Indigènes, film de Rachid Bouchareb, est une des dernières productions ayant marqué les esprits sur le sujet. Depuis, l’image de ces soldats envoyés loin de chez eux, sur le front, ne cesse d’alterner entre deux extrêmes : héroïsme de ces combattants ou chair à canon. Les deux ne sont pas inconciliables et Henri Rabusse, soldat sur le front pendant la 1ère guerre, livre un témoignage qui a l’avantage d’être détaché de la problématique coloniale… mais pas de la problématique raciale… Les tabors, rapides et efficaces dans le combat, deviennent sous sa plume soldats par essence :
Dans le crépuscule, un piétinement roule ; une rumeur ; puis une autre troupe se fraye un passage.
– Des tabors.
Ils défilent avec leurs faces bises, jaunes ou marron, leurs barbes rares, ou drues et frisées, leurs capotes vert-jaune, leurs casques frottés de boue qui présentent un croissant à la place de notre grenade. Dans les figures épatées ou, au contraire, anguleuses et affûtées, luisantes comme des sous, on dirait que les yeux sont des billes d’ivoire et d’onyx. De temps en temps, sur la file, se balance, plus haut que les autres, le masque de houille d’un tirailleur sénégalais. Derrière la compagnie, est un fanion rouge avec une main verte au milieu.
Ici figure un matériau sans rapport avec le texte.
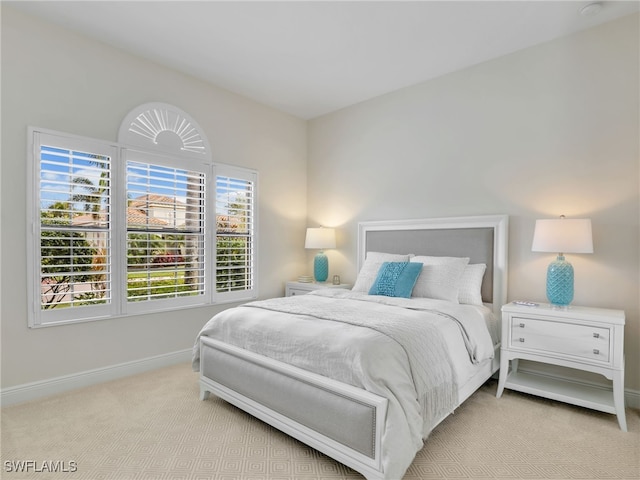 carpeted bedroom featuring baseboards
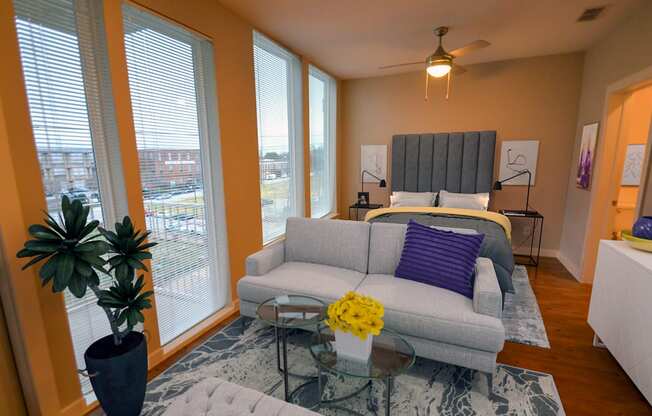 a living room with a couch and a bed in a room with large windows at Link Apartments® Canvas, Atlanta, GA, 30312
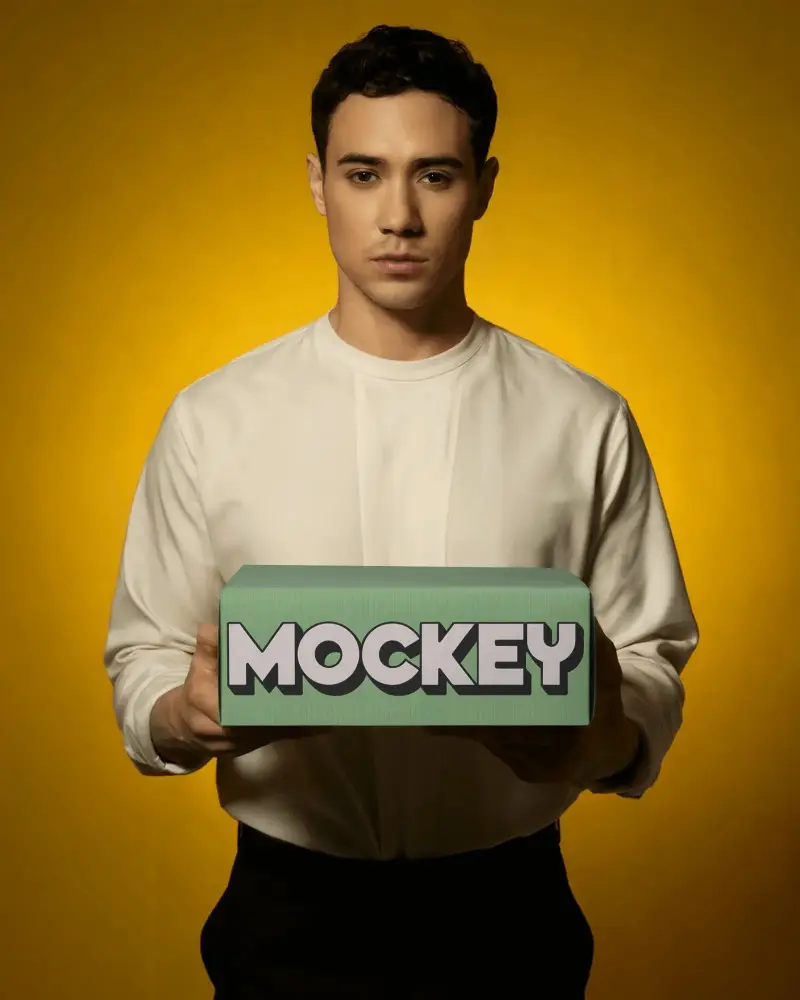 Male Model Showcasing Closed Packaging Box Mockup For Ecommerce Promotions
On les regarde est on se tait. On ne les interpelle pas, ceux-la. Ils imposent, et même font un peu peur.
Pourtant, ces Africains paraissent gais et en train. Ils vont, naturellement, en première ligne. C’est leur place, et leur passage est l’indice d’une attaque très prochaine. Ils sont faits pour l’assaut.
– Eux et le canon 75, on peut dire qu’on leur z’y doit une chandelle ! On l’a envoyée partout en avant dans les grands moments, la Division marocaine !
– Ils ne peuvent pas s’ajuster à nous. Ils vont trop vite. Et plus moyen de les arrêter…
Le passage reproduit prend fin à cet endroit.